Ignoring pictures, transcribe exactly the lines between the one containing "DERMACEUTIC LIGHT CEUTIC CR DE NUIT 40ML" and the end of the material, both included.
*** DATASET EXCERPTS
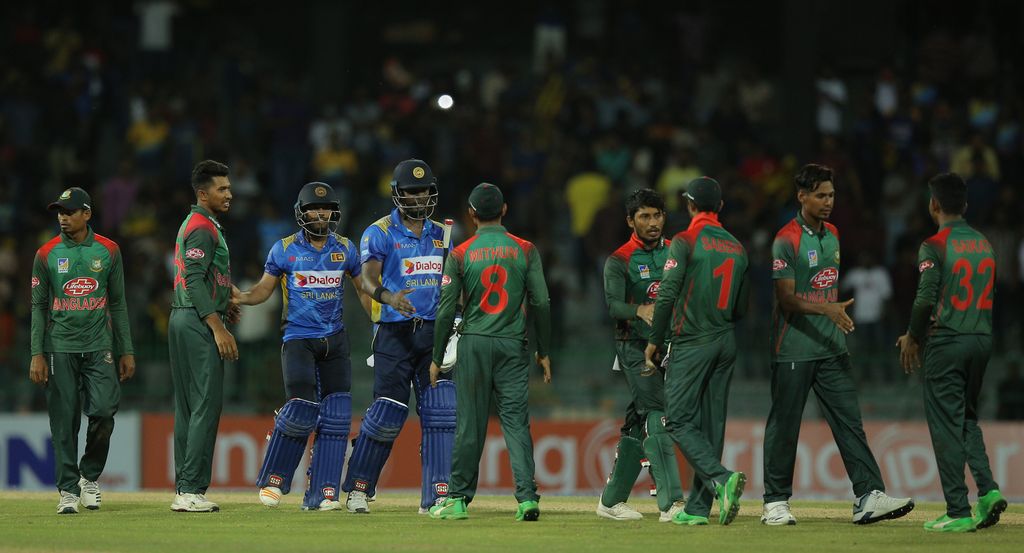 Cricket, Bangladesh-Sri Lanka (2019)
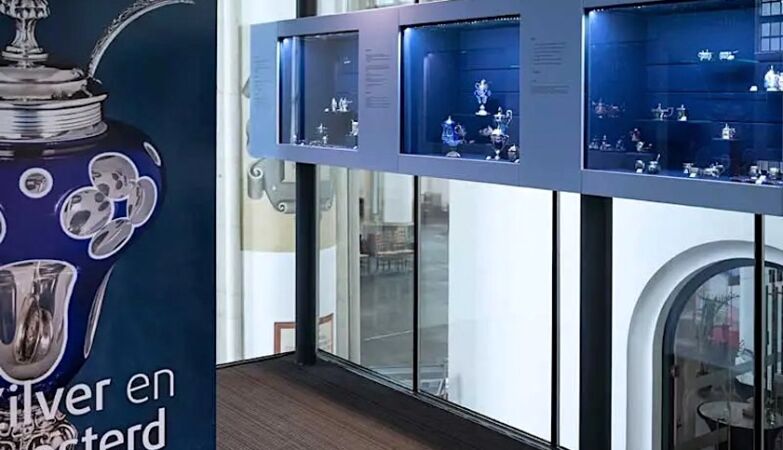 Thieves stole Dutch museum's entire silver collection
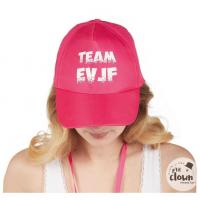 66607 casquette rose team evjf enterrement vie de jeune fille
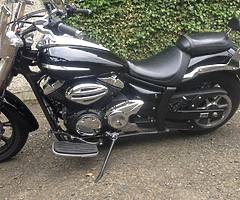 2009 Yamaha Xvs950 Midnight Star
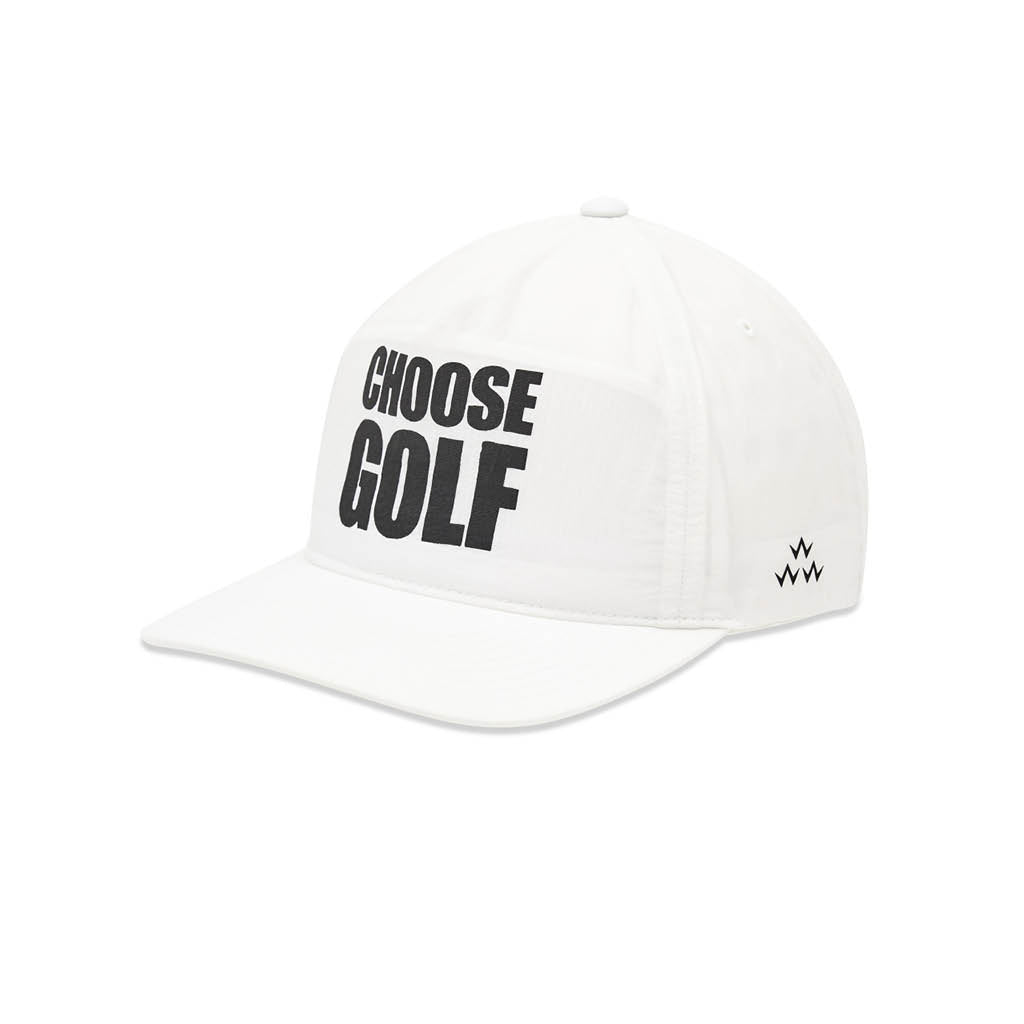 GreenRabbit Golf, Birds of Condor, CHOOSE GOLF Trucker Snapback Red, Cap - GreenRabbit Golf GOLFFASHION & LIFESTYLE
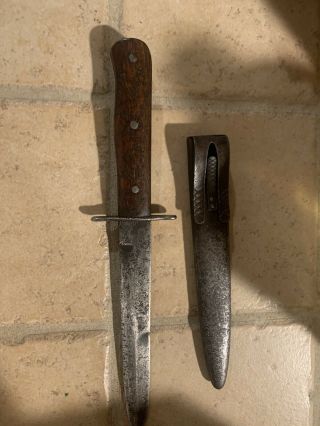 Ww2 German Boot Dagger Knife Sheath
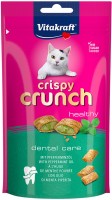 Photos - Cat Food Vitakraft Crispy Crunch Dental Care 60 g 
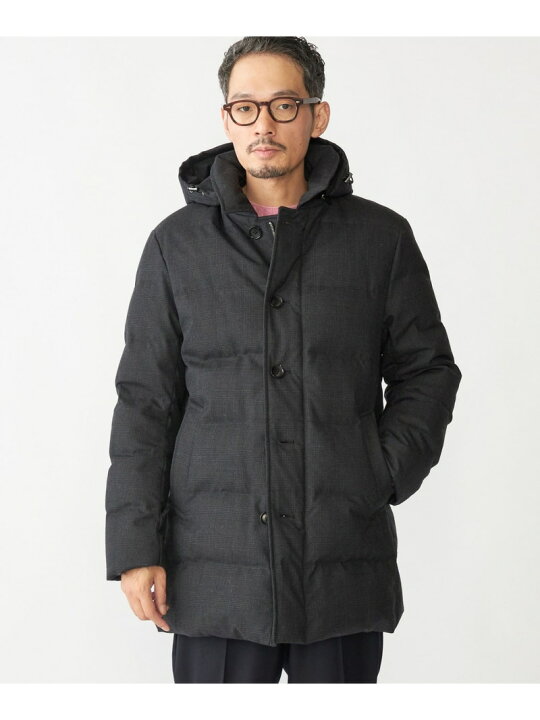 楽天市場】【SALE／40%OFF】SHIPS: ウールファブリック ダウン 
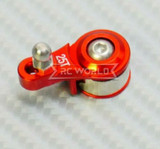 RC 1/10 Aluminum Steering SERVO SAVER Horn 25T RED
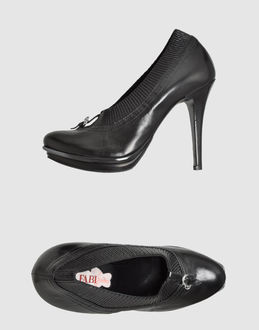 FABI - CALZATURE - Decolletes con plateau - su YOOX.COM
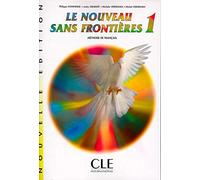 Le nouveau Sans frontières, niveau 1 : Méthode de français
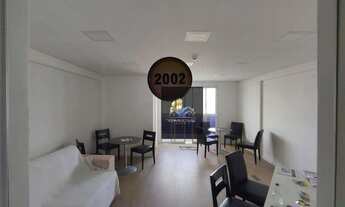 Imagem 2: Sala para alugar, 37 m² por R$ 2.800,01/mês - Ponta da Praia - Santos/SP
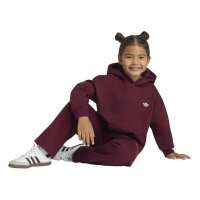 adidas Hoodie Pant Set Kinder - maroon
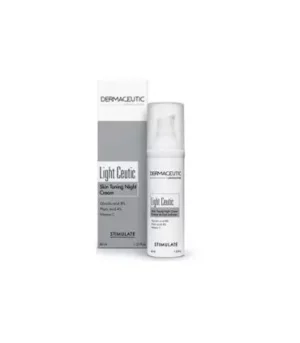 DERMACEUTIC LIGHT CEUTIC CR DE NUIT 40ML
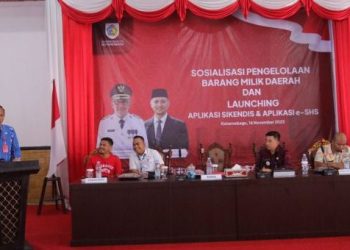 Gelar Sosialisasi di Rudis Walikota, Ini Yang Penjelasan Soal BMD dan Sikendis serta e-SHS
******
TASK ANSWER:
 DERMACEUTIC LIGHT CEUTIC CR DE NUIT 40ML
 Gelar Sosialisasi di Rudis Walikota, Ini Yang Penjelasan Soal BMD dan Sikendis serta e-SHS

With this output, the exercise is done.